Week 3 Homework

OGLE lightcurve fit

This week you will do your first MCMC fit of real data (for this class)!

REMINDER!!!

Before doing anything,

Make a copy of this notebook in your clone of the private course repository. Edit that copy, not the version in the public repository clone.
Remember that you will submit your solution by pull request to the private repository.

Once you've submitted your solution, don't forget to also fill out the very quick (and required!) weekly feedback form.

Additional reminder!

Next week's tutorial will be "Final project speed dating". Grad students should show up on Wednesday with some kind of concept for a final project, however half-baked. Undergrads are encouraged to do so as well, but not required.

Data

We'll be analyzing data from the Optical Gravitational Lensing Experiment (OGLE), which monitors stars in our galaxy in the hopes of detecting gravitational microlensing events that occur when a compact mass (e.g. a fainter star) passes in front of the monitored star.

Data are available through the OGLE Early Warning System. Scroll down a bit to the list of recent events and choose one to analyze. (Not the one shown below. Be original.) The event summary page will include a plot like this.

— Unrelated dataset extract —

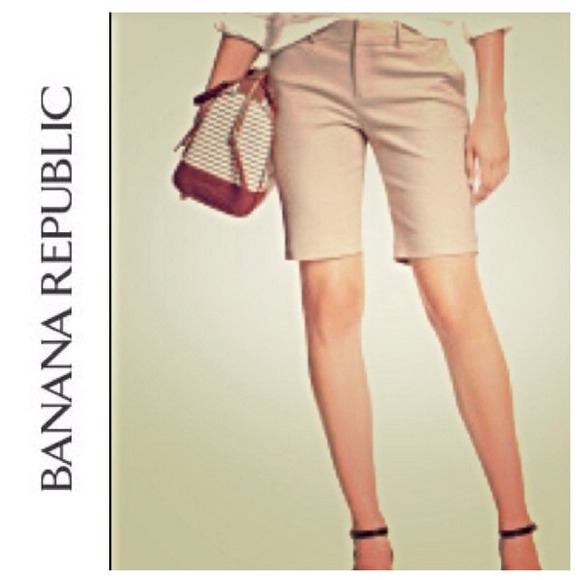 NWOT Banana Republic Chino Shorts 4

As long as a vaguely reasonable looking magenta line is shown, this should be a good data set to fit. Download the phot.dat for your chosen event (linked at the bottom of the webpage).

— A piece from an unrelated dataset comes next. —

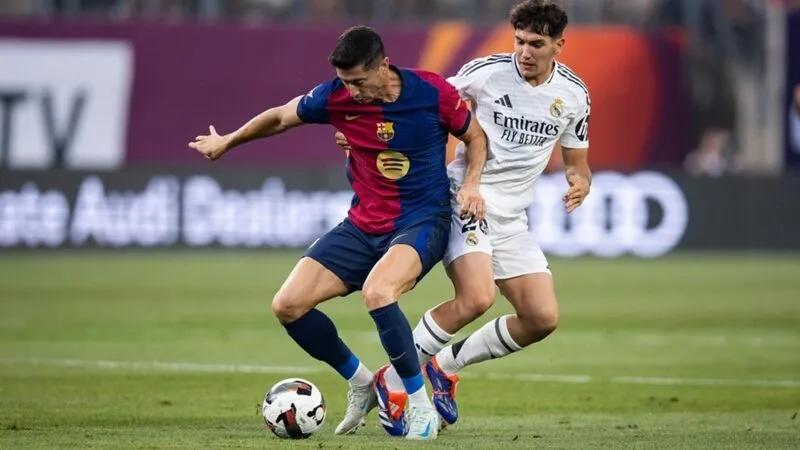 Real Madrid đấu với Barcelona 01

As described on the OGLE page, the columns of this text file are

Hel.JD, I magnitude, magnitude error, seeing estimation (in pixels - 0.26"/pixel) and sky level

Heliocentric Julian Date. This is time, measured in days, since a fixed reference. The "heliocentric" part means that it has been corrected to the reference frame of the Sun, i.e. the few minutes of light travel time more or less that would affect photon arrivals at different parts of the Earth's year have been subtracted off.
Measurements of magnitude in the $I$ band (a near infrared band). Recall that astronomical magnitude, relative to a given reference source, is given by the relationship $m = m_\mathrm{ref} - 2.5\,\log_{10}\left(\frac{F}{F_\mathrm{ref}}\right)$, where $F$ is flux.
Measurement uncertainty on the $I$ magnitude, defined in some unspecified way (digging through papers might elucidate this).
The "seeing" and "sky level" quantities refer to the observing conditions, which we will not work with directly. These will have been accounted for (somehow) in deriving the best-fitting magnitude and its uncertainty.

Model

An excellent resource for gravitational lensing background (among other things) is Peter Schneider's Extragalactic Astronomy and Cosmology. It looks like we can download a pdf of the entire book for free (at least from within the Stanford network), which is awesomeness incarnate. The relevant section for Galactic microlensing is 2.5 (logical page 77), and the equations defining the microlensing model lightcurve are 2.92 and 2.93. Namely,

$F(t) = F_0 \frac{y(t)^2 + 2}{y(t)\sqrt{y(t)^2+4}}$

where

$y(t) = \sqrt{p^2 + \left( \frac{t-t_\mathrm{max}}{t_\mathrm{E}} \right)^2}$.

You'll of course also need the transformation between flux and magnitude, above. For convenience, let's parameterize the normalization of the model lightcurve in magnitudes rather than flux, i.e. $I_0$ rather than $F_0$; that way, all of the "ref" quantities in the magnitude definition are absorbed into this new parameter and we won't have to worry about them explicitly. With that substitution, the model parameters are $I_0$, $p$, $t_\mathrm{max}$ and $t_\mathrm{E}$. Following the discussion in Schneider, you should be able to come up with order-of-magnitude guesses at the correct values of these parameters.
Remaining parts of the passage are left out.